- [Data for the task]:
------------------------------

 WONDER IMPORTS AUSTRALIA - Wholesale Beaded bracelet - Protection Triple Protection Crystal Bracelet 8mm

------------------------------

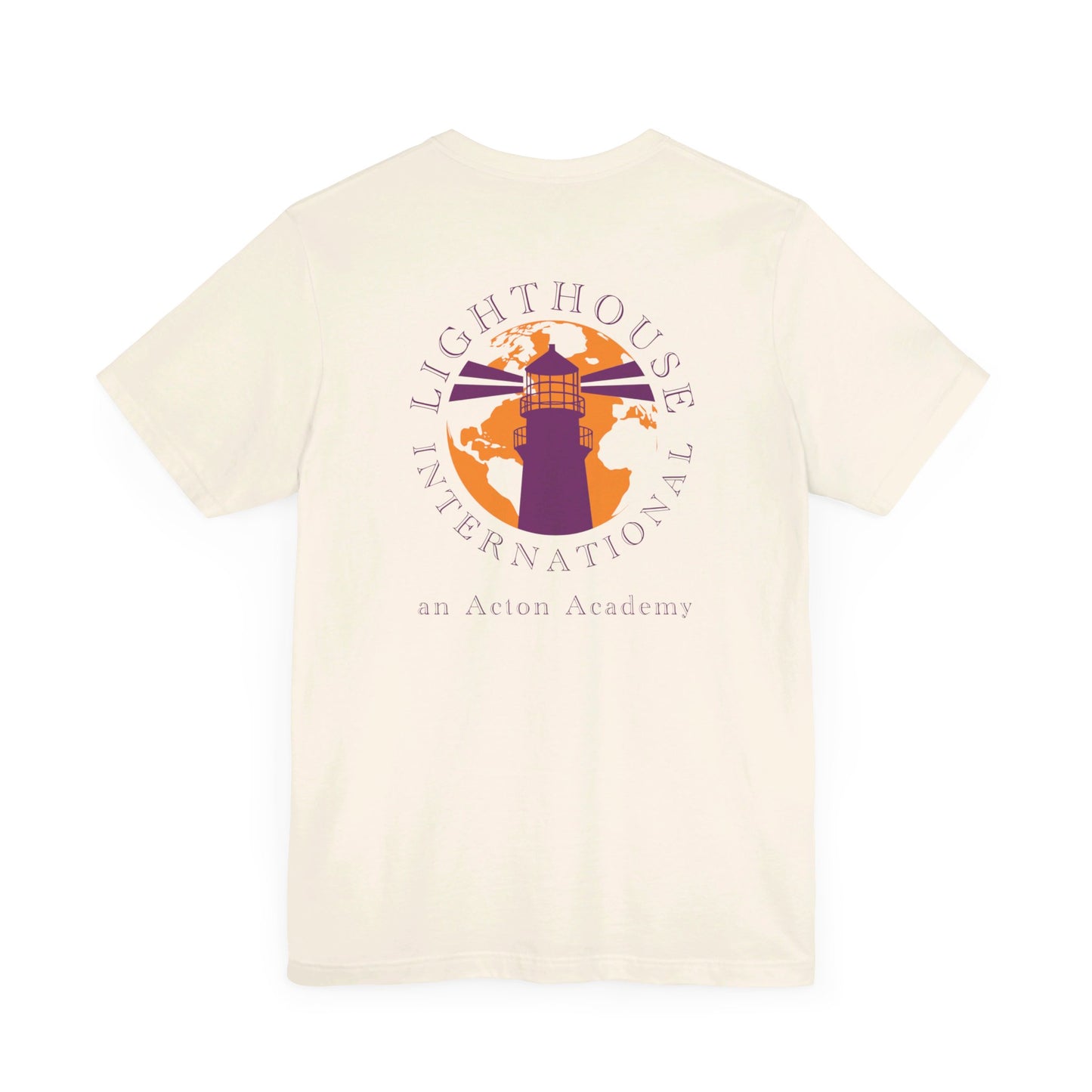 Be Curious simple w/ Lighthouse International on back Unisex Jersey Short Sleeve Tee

------------------------------

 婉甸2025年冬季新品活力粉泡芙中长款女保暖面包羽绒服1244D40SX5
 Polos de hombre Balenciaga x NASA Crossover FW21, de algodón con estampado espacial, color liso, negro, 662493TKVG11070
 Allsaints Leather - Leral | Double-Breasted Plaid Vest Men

------------------------------

- [Aim of the task]: Could you restate word for word the lines above, from the one that contains "Polos de hombre" through the one that contains "Allsaints Leather - Leral", and no others?

- [Task answer]:
 Polos de hombre Balenciaga x NASA Crossover FW21, de algodón con estampado espacial, color liso, negro, 662493TKVG11070
 Allsaints Leather - Leral | Double-Breasted Plaid Vest Men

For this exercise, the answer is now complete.